- _Try it_
Could you write out, exactly as they stand, only the lines in the listing below from the line with "Lightning over Bryce" to the line with "Bill Gadsby Autographed", both ends included, without the pictures?

- _Record excerpts_
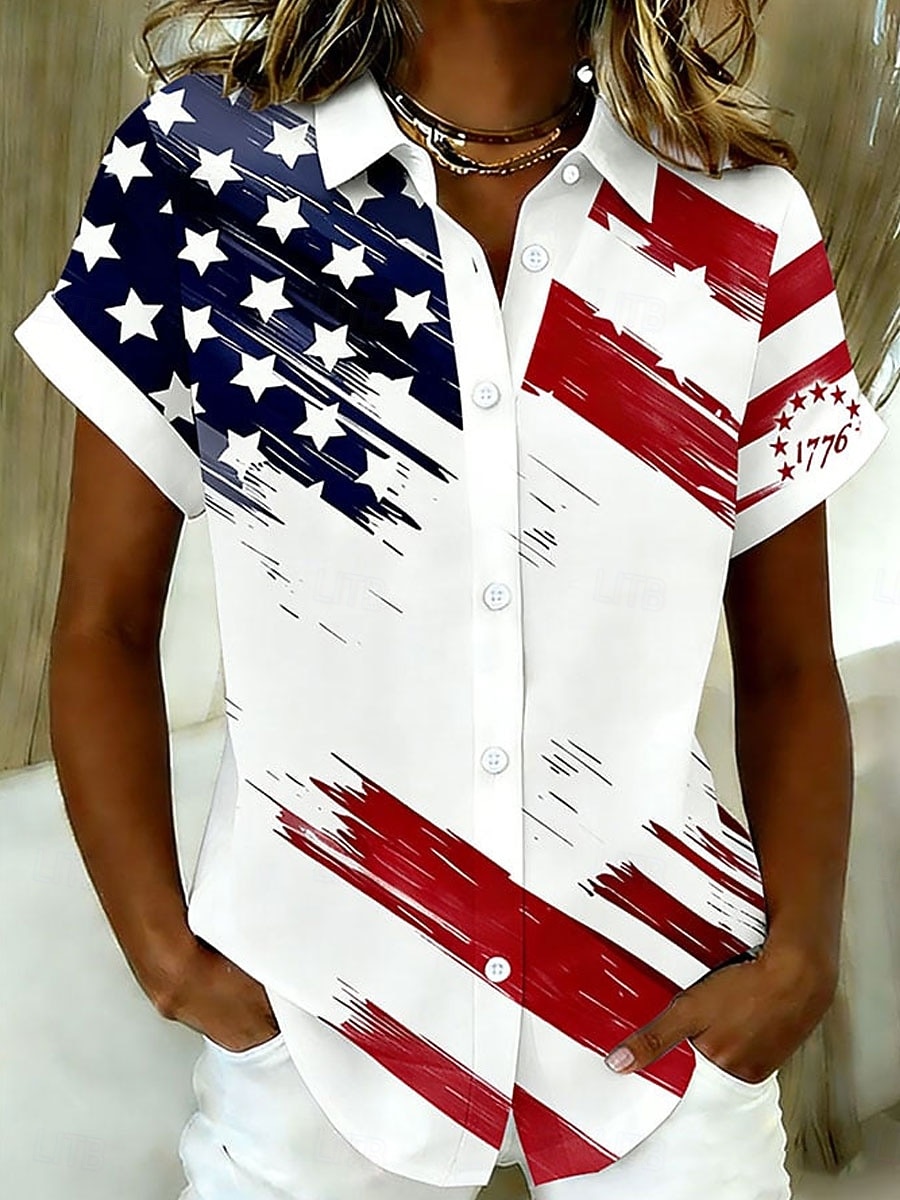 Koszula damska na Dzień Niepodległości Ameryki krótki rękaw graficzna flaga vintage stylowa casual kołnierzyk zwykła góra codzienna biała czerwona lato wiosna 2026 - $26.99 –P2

---

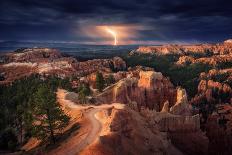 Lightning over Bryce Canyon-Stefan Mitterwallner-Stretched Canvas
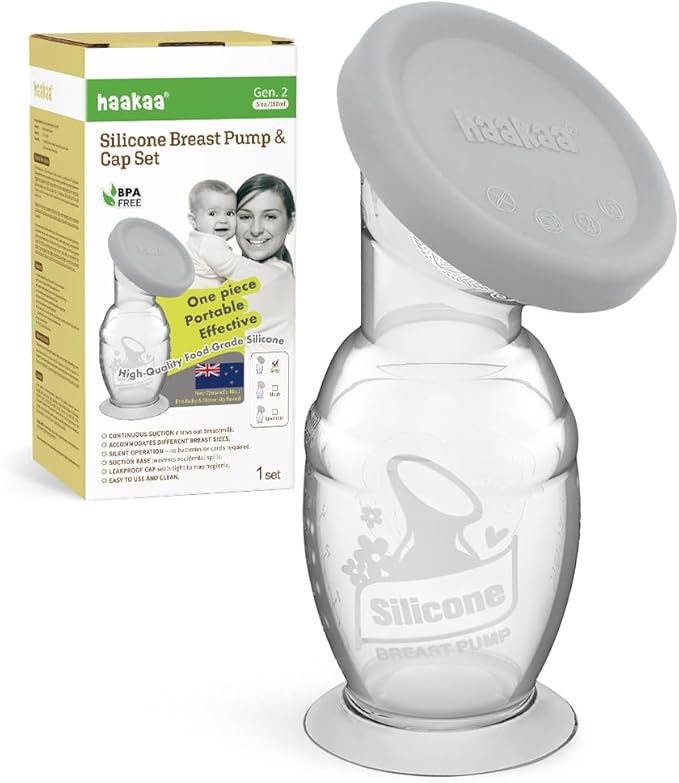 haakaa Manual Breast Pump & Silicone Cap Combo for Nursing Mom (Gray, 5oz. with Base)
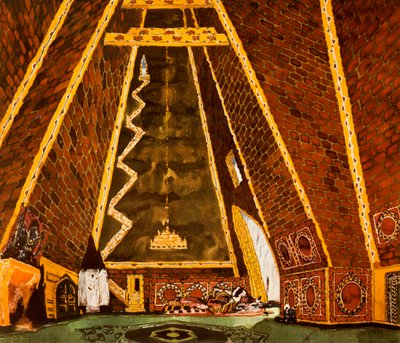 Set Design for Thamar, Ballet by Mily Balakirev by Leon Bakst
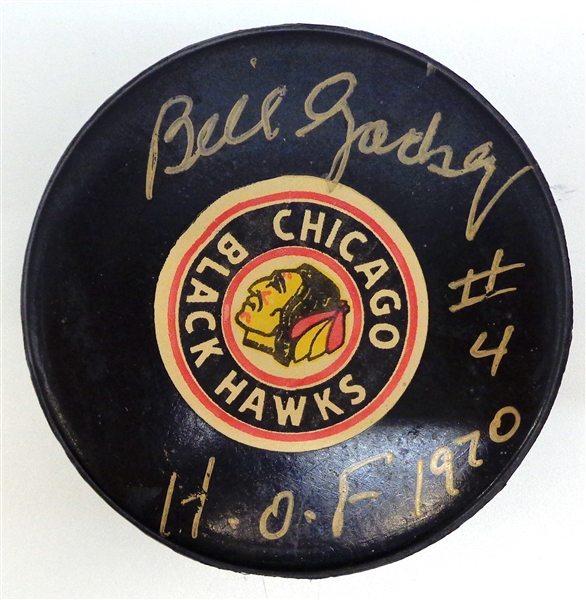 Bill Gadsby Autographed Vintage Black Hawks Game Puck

- _Exercise answer_
 Lightning over Bryce Canyon-Stefan Mitterwallner-Stretched Canvas
 haakaa Manual Breast Pump & Silicone Cap Combo for Nursing Mom (Gray, 5oz. with Base)
 Set Design for Thamar, Ballet by Mily Balakirev by Leon Bakst
 Bill Gadsby Autographed Vintage Black Hawks Game Puck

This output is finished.